La strage di Ankara ha evocato in diversi commenti due immagini diverse ma non distanti concettualmente tra loro. Una è quella della «strategia della tensione» vissuta anche in Italia a partire dalla bomba di Piazza Fontana nel ’69 e per lunghi anni successivi. L’altra è quella della «guerra mondiale a pezzetti» evocata da papa Francesco.

Gli attentati in Turchia, e la ripresa del conflitto armato tra il governo di Erdogan e la guerriglia curda, hanno a che vedere sia con la volontà del premier turco di sbarazzarsi di ogni opposizione, sia con la complessa situazione mediorientale. Mentre Putin bombarda non si capisce bene se di più le postazioni del «Califfo» o quelle dei ribelli anti-Assad vicini agli Usa e agli occidentali, riesplode il conflitto tra Palestinesi e Israeliani, continua nell’indifferenza generale la guerra in Yemen, e non si sa se reggerà l’accordo appena raggiunto per dare un governo unitario alla Libia. Né si attenua la pressione dei migranti e dei profughi sull’Europa e, soprattutto, sui paesi più vicini ai conflitti.

Di fronte a tanta violenza, a spirali belliche che sembrano inarrestabili, alla percezione non solo dei dichiarati sentimenti aggressivi, dell’odio, ma anche di una complessa trama di strategie occulte da parte di poteri e potenze incontrollabili, è facile cadere in una sensazione acuta di depressione e impotenza.

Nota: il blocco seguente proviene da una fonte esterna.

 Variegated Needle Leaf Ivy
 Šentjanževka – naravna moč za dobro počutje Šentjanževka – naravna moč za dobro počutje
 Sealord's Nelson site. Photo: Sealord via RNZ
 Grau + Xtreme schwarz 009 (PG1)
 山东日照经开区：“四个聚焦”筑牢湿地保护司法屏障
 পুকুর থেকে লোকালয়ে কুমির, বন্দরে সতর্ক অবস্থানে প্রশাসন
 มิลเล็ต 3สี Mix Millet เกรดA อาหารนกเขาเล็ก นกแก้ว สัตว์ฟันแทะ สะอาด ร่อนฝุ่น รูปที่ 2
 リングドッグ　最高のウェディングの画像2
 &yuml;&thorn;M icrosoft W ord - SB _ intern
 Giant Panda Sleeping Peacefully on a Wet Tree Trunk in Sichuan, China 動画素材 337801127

Mentre pensavo a che cosa avrei scritto oggi in questo spazio, ho ricevuto un comunicato che annuncia una mostra di «Mail-art» che ha per oggetto la pratica giapponese detta Kintsugi (o Kintsukuroi). Si tratta dell’arte di riparare un oggetto distrutto – vasellami, pietre, e altre cose – riconnettendone i cocci con preziose suture in oro o argento . Gli oggetti così restaurati acquistano una bellezza del tutto diversa, offrono il gioco di attraenti ricami luminosi sulle superfici ricostruite. Sorgono insomma a una nuova e più ricca vita.

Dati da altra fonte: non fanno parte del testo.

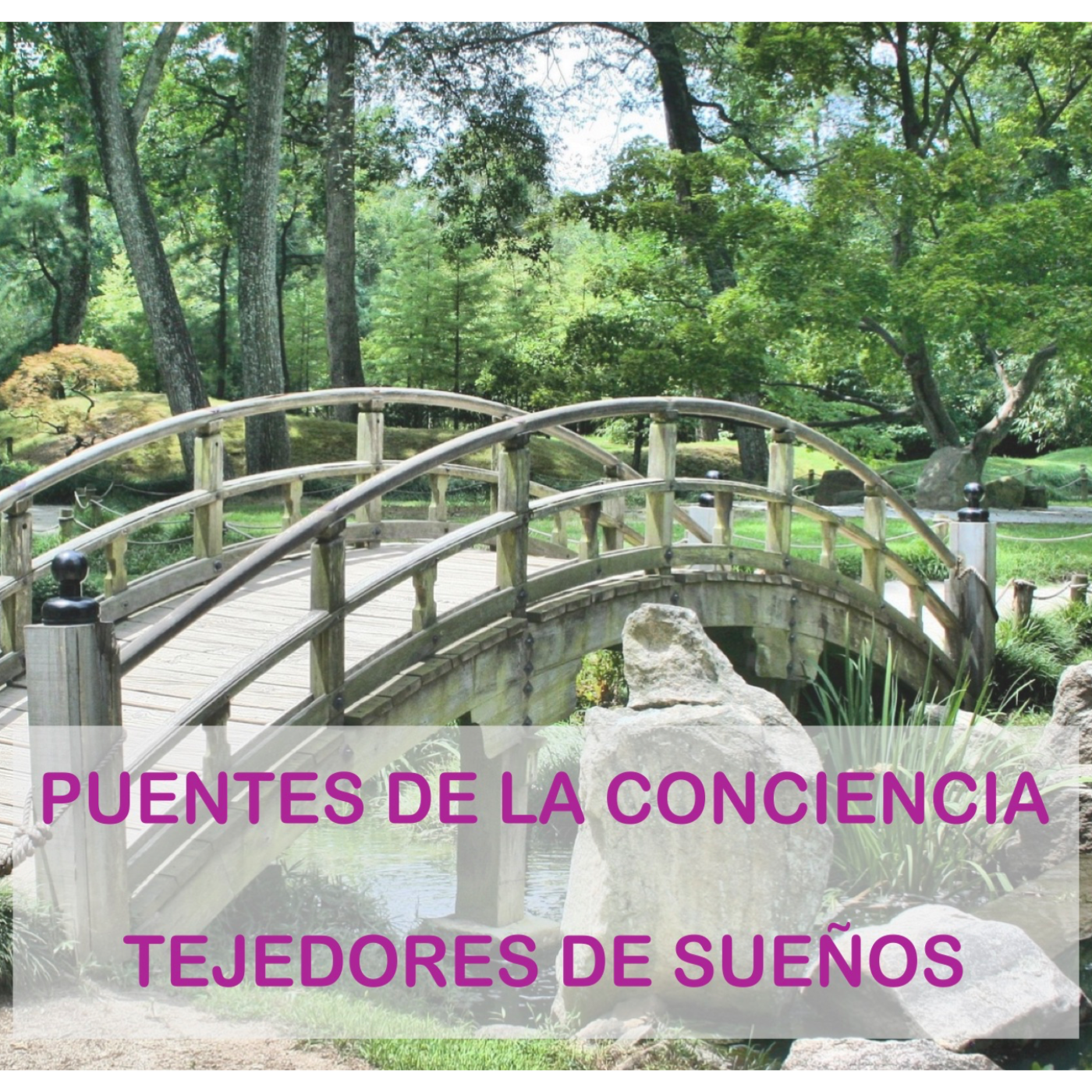 Programa "Puentes de la Conciencia"(Tejedores de Sueños")-El Dr. Mauricio López entrevista a Adonis Warlock episode artwork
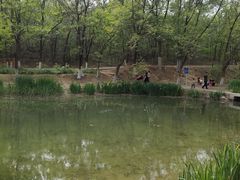 -云岗森林公园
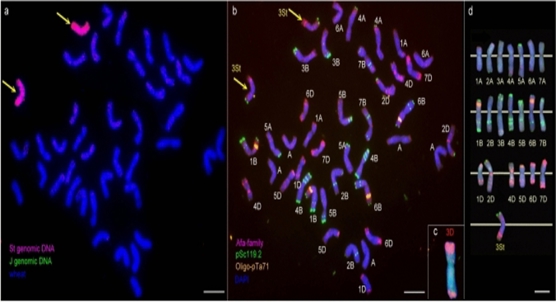 Adding a wheat chromosome boosts drought resistance during flowering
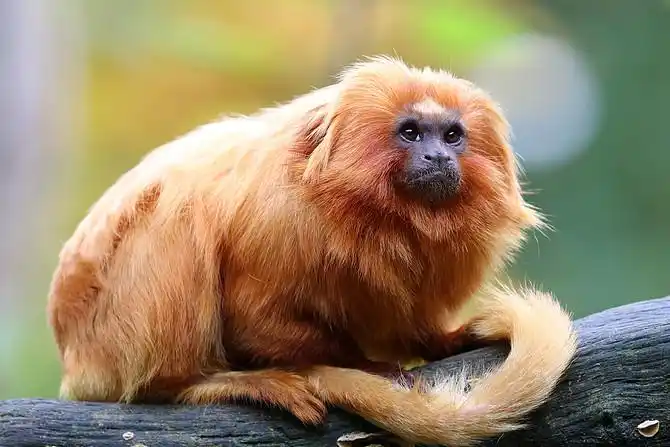 金毛狮狨_全景网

Le amiche che hanno organizzato la mostra (delle associazioni «La Merlettaia» di Foggia, Artera di Matera e della rete delle «Città Vicine», con la cura di Katia Ricci e di Rosy Daniello) sottolineano il valore metaforico di questa pratica artistica: una modalità che «può aiutare ad affrontare casi di conflitto forte che lascia ferite e dolori, come, capita quando c’è uno scambio reale tra persone. La pratica del Kintsugi è anche una sfida con se stessi perché impegna a non chiudere le porte, a non buttare via ma ad avere attenzione alla realtà e all’altro. Dal punto di vista economico suggerisce di sottrarsi al consumismo e di conservare e dar valore a ciò che ha fatto parte della propria vita».

Ho pensato che anche per reagire ai conflitti distruttivi che minacciano il mondo bisognerebbe saper trovare gli strumenti capaci di connettere le parti ferite dei frammenti in cui si dividono uomini e donne, civiltà e interessi.

Non credo certo che si possano combattere il terrorismo islamico e le scelte militari degli Usa o della Russia mettendosi a saldare con oro e argento pezzetti di porcellana.

Ma se non saremo capaci di guardare bene i margini di ciò che si rompe intorno a noi, e se non guarderemo a fondo anche in noi stessi e nel nostro modo di vivere queste rotture, non troveremo nemmeno i pensieri e le parole per cominciare a reagire con qualche speranza di ottenere un risultato .

La mostra comunque sarà visitabile da giovedì 15 ottobre nella sede della «Merlettaia» di Foggia , in Via Arpi 79/A.